**Exercise description**
Reproduce exactly the first line of the material below and every line after it, ending with the line that contains "Axton Cowl Neck Bodysuit Black". No pictures should be copied.

**Information shown**
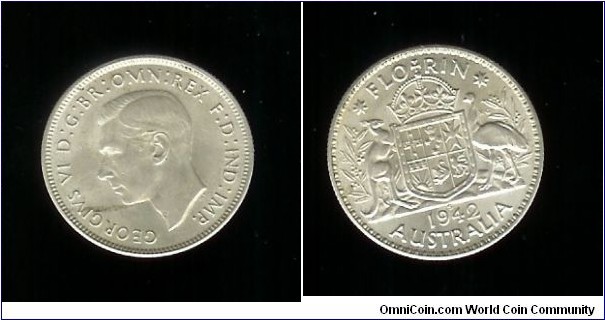 1942 (S) Florin. 'S' just under the bottom boundary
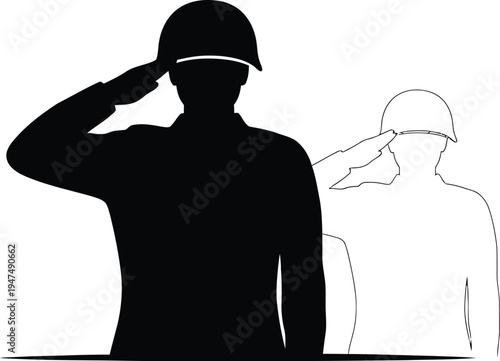 Soldier saluting silhouette military Vector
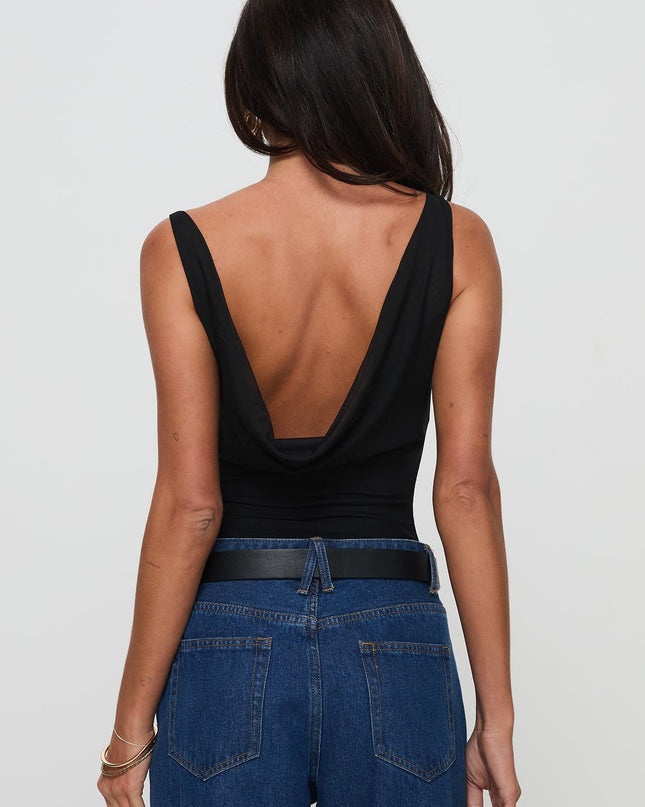 Axton Cowl Neck Bodysuit Black
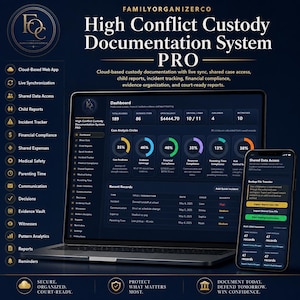 May include: A laptop and smartphone displaying the FamilyOrganizerCo High Conflict Custody Documentation System PRO dashboard. The interface features dark blue themes with data charts, record lists, and navigation icons for cloud-based custody tracking.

**Your solution**
 1942 (S) Florin. 'S' just under the bottom boundary
 Soldier saluting silhouette military Vector
 Axton Cowl Neck Bodysuit Black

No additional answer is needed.